Sunday, September 25, 2016

What’s an investor to do when the market won’t cooperate?

What is an investor who follows the Austrian school of economics supposed to do with a market that has traded in a narrow range for almost two years and refuses to bend to the reality of falling profits and a slow economy? After all, we may already be in a recession, as Peter Schiff thinks, but the market is clueless.

A couple of posts ago I wrote about the fetish with randomness that afflicts mainstream economics and finance. One result of that fetish is the dogma that no one should try to time the market; just pick good stocks and stay with them. The high priests ridicule those of us who make any effort at looking into the future.



For example, Aswath Damodaran, a professor of finance at the Stern School of Business at NYU, recently wrote a blog post with the title "Superman and Stocks: It's not the Cape (CAPE), it's the Kryptonite(Cash flow)!" in which he poked fun at market timers:
There are many who warn us that stocks are overheating and that a fall is imminent. Some of this worrying is natural, given the market's rise over the last few years, but there are a few who seem to have surrendered entirely to the notion that stocks are in a bubble and that there is no rational explanation for why investors would invest in them. In a post from a couple of years ago, I titled these people as bubblers and classified them into doomsday, knee jerk, conspiratorial, righteous and rational bubblers. The last group (rational bubblers) are generally sensible people, who having fallen in love with a market metric, are unable to distance themselves from it.
The professor’s idea is that history does not matter. Only the price of bonds matters because:
“If you choose not to buy stocks, your immediate option is to put your money in bonds and the base rate that drives the bond market is the yield on a riskless (or close to riskless) investment.”
In other words, the alternatives to stocks are worse, so just stay in stocks. But what the professor forgets is that stocks and bonds tend to dance in step with the business cycle.

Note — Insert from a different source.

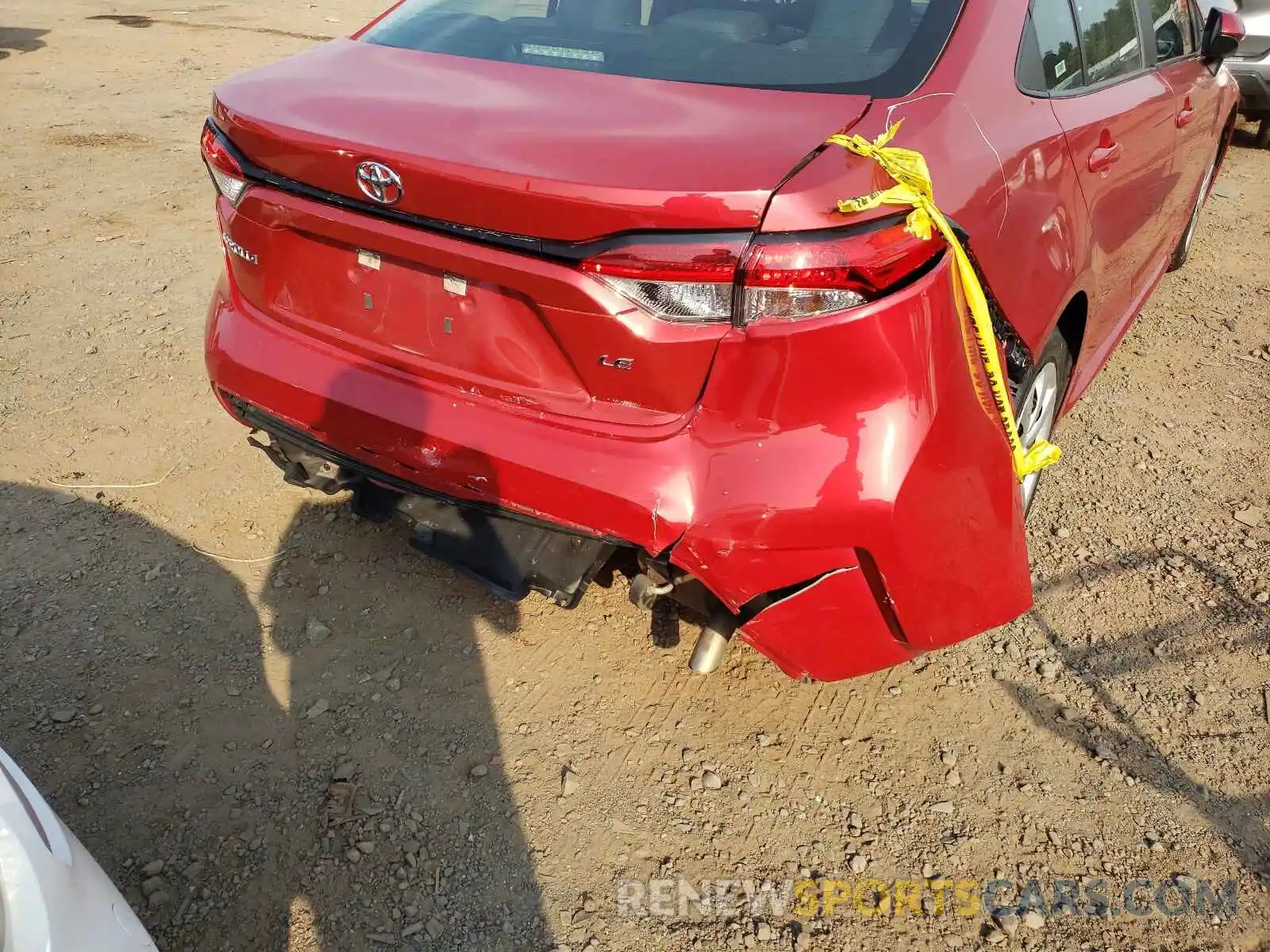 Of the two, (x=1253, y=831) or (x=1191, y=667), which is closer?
(x=1253, y=831)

Are we to assume that there will never be another bear market? Can we believe, as mainstream economists did in the last decade of the 20th century, that there will never be another recession? Of course not. To think either would be sillier than being a “rational bubbler.” But we can’t predict either within even a year of them happening, so should we just eat, drink and be Mary until the deluge? Those who ridicule market timers would seem to be saying that, as Damodaran concluded:
Will there be a market correction? Of course! When it does happen, don't be surprised to see a wave of ‘I told you so’ coming from the bubblers. A clock that is stuck at 12 o'clock will be right twice every day and I would urge you to judge these market timers, not on their correction calls, which will look prescient, but on their overall record. Many of them, after all, have been suggesting that you stay out of stocks for the last five years or longer and it would have to be a large correction for you to make back what you lost from staying on the sidelines.
As I wrote in previous posts, and in Financial Bull Riding, the damage that a brief bear does to one’s nest egg can take a decade to recover from. To give an example, a 50% decline, like happened to many investors twice in the first decade of this new millennium already, won’t be healed by a 50% recovery because the base has changed. You have lost half your money. A 50% retracement gets you back to just 75% of what you started with. It takes a 100% rise, or doubling, of your returns to make you whole again after a 50% loss and that can take a decade.

Meanwhile, you’re only recovering what you lost initially. You’re also suffering from opportunity costs, that is, the income you could have been making on the money you lost. Assuming that opportunity cost to be 5% per year, then the market would need to rise 150% in a decade just to make up for all of your losses. Only suckers forget about opportunity costs.

Hopefully, you can see the importance of not losing principal in a bear market. Falling behind the S&P 500 in percentage terms during the later stages of a bull market might be worth the cost.

On the other hand, what is the upside to sticking with stocks? If the economy and profits improve, the market may not. It may just absorb the profits and deflate the PE and CAPE ratios to their long term average levels. To force the market to ever greater highs would require an improving economy, higher profits, and investors remaining happy with elevated PE ratios that reign today. High PE ratios are the same thing as a high level of risk tolerance. What are the odds?

In the face of such ridicule as the mainstream shovels on us, all I can advise is to go back to fundamentals. I am a fundamentalist in religion, sports, and investing. Fundamentalists know that the market eventually succumbs to lower profits caused by a recession. We know another recession will happen. It’s as certain as death and taxes. We have traveled more than seven years from the end of the Great Recession and that means historically and statistically, the next recession is late. And therefore the next bear market is late. How much longer it will delay no one knows. As Mises and Hayek used to say, we can never predict exact dates or volumes; we can only know what patterns will follow.

But we know from history and sound monetary theory that the longer the recession puts off its debut, the uglier it will be when it shows up.

Austrian investors should never be perma bears or perma bulls. We should stick with the trend when it turns around from the depths of a recession with confidence that it will last many years. But when the bull gets long in the tooth and the economy is crumbling around the market, we have to abandon the bulls and the trend in favor of sound economics and historical facts.